Wir haben unsere Plätze gesucht. Sie waren in der 7. Reihe, wo wir alles auf der Bühne genau sehen konnten. Bevor es losging, haben wir in den Graben geschaut. Dort sitzt das Orchester und spielt die Musik. Die meisten Musiker haben vor dem Anfang noch ein bisschen geübt. „Aber einige haben auch am Handy gedaddelt,“ sagte meine Schwester. Stimmt. Papa hat mir dann gezeigt, wie viele Trommeln hinten im Graben aufgebaut waren. Das nennt man Schlagwerk. Da wusste ich schon, dass es laut scheppern wird.
Endlich ging es los! Die tausend Lichter am Himmel gingen aus und der rote Vorhang hob sich. Da saßen zwei coole Typen, die mit ihrer Familie einen Ausflug in den Zoo machten. Langweilig! Dann öffnete sich das Gitter am Löwenkäfig und Leon und Gereon trauten sich rein. Ein Abenteuer begann.
Hä? Jetzt kommen die beiden Jungs als die Ritter Iwein und Gawein auf die Bühne zurück. Sie sind eigentlich Zwillinge, aber ganz unterschiedlich. Iwein ist der Mutige, Gawein eher ein bisschen dumm. Das wussten wir schon aus dem Buch von Felicitas Hoppe, das Mama und Oma uns vorgelesen haben.

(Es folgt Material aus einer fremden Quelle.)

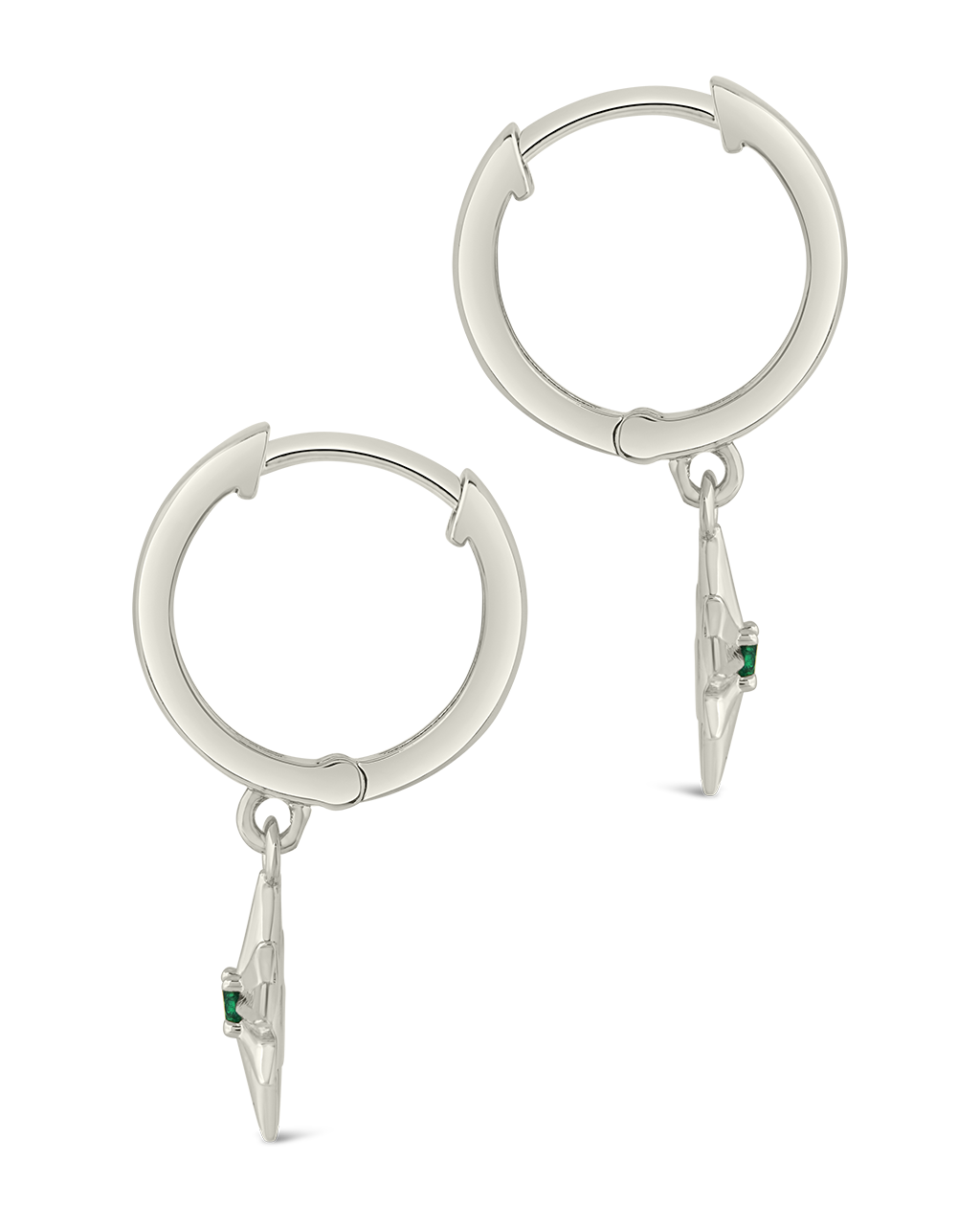 Demi CZ Burst Charm Hoop Earrings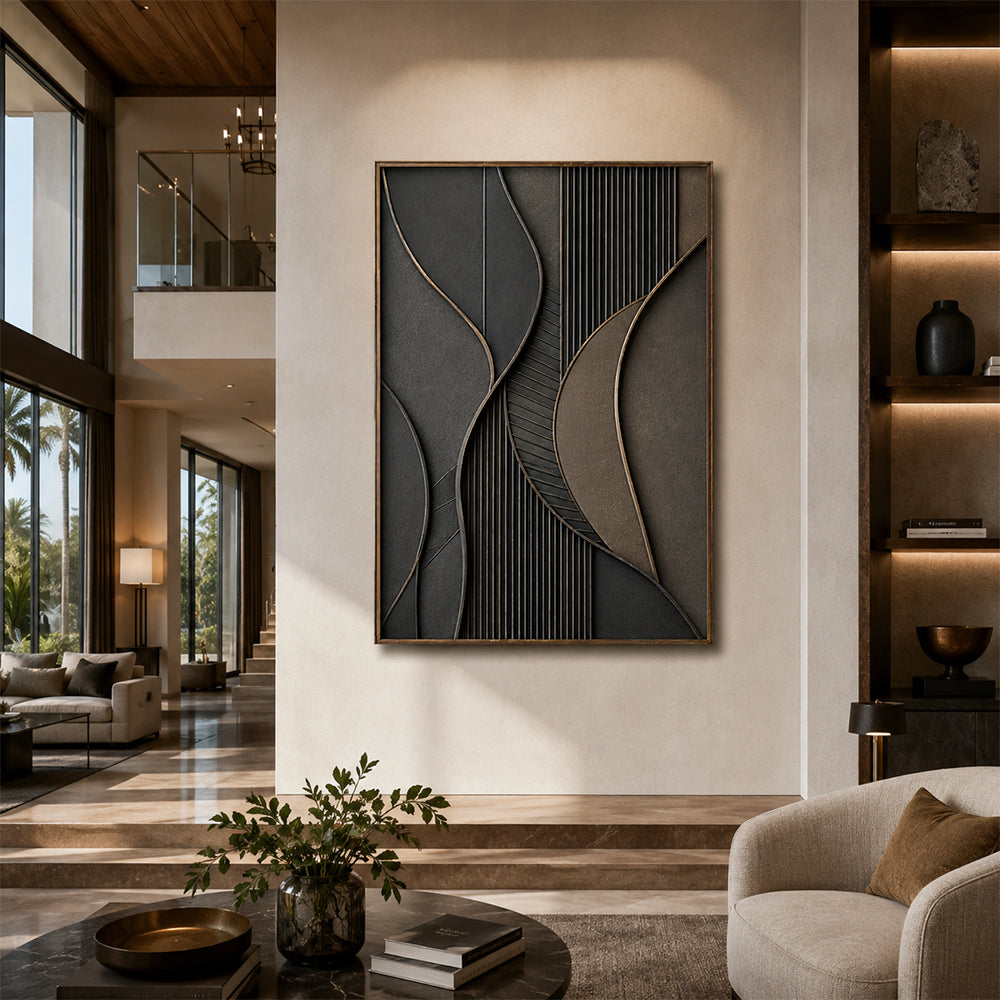Texture Painting Art – Neutral Curved Relief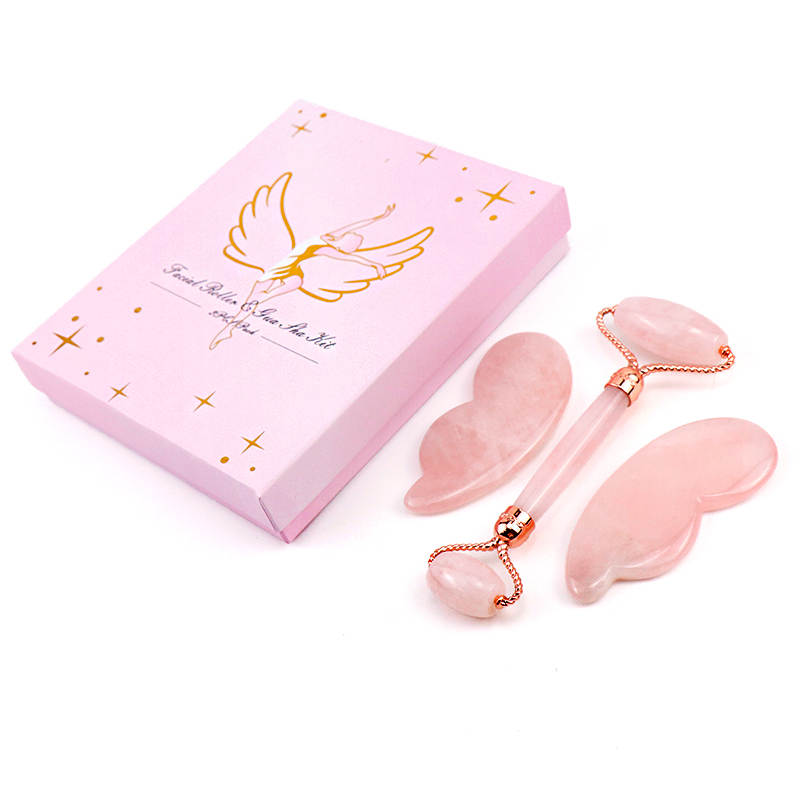 Beauty Wow Rose Quartz Angel Facial Roller & Gua Sha Gift Set 1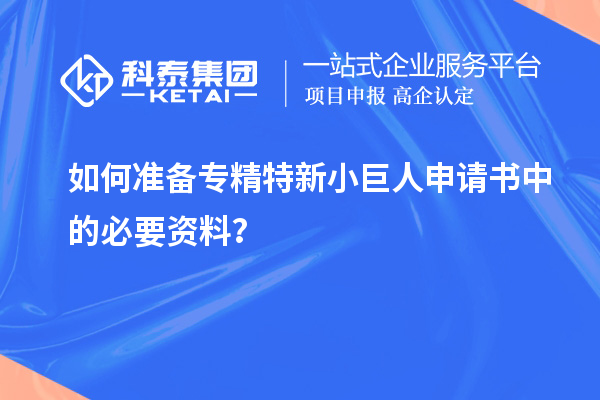 如何准备专精特新小巨人申请书中的必要资料?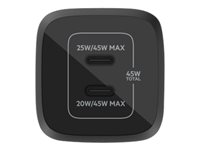 Belkin BoostCharge Pro - Strömadapter - PPS- och GaN-teknik - 45 Watt - 3 A - Fast Charge, PD 3.0 - 2 utdatakontakter (2 x USB-C) - svart WCH011VFBK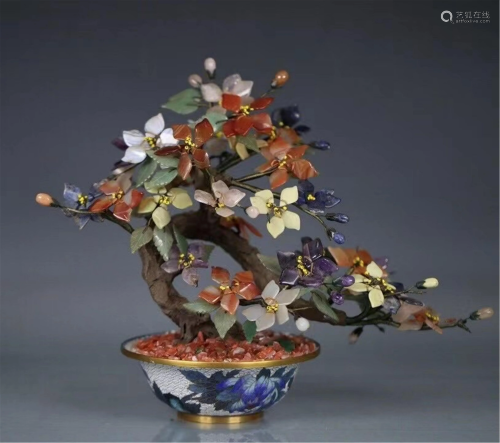 A CHINESE HARD-STONES FLOWER BONSAI AND CLOISONNE …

Jetzt ging die Geschichte richtig los. In einem Urwald erschienen lauter Paviane und Iwein trank aus dem Gewitterbrunnen. Magischer Glitzerstaub fiel herab und Iwein wurde dadurch so stark, dass er den Burgherrn, dem der Brunnen gehörte, im Kampf erschlug. Puh … da wurde es zum ersten Mal richtig krass laut. Es knallte und krachte. Meine Schwester musste sich die Ohren zuhalten. Ihr war es einfach zu laut.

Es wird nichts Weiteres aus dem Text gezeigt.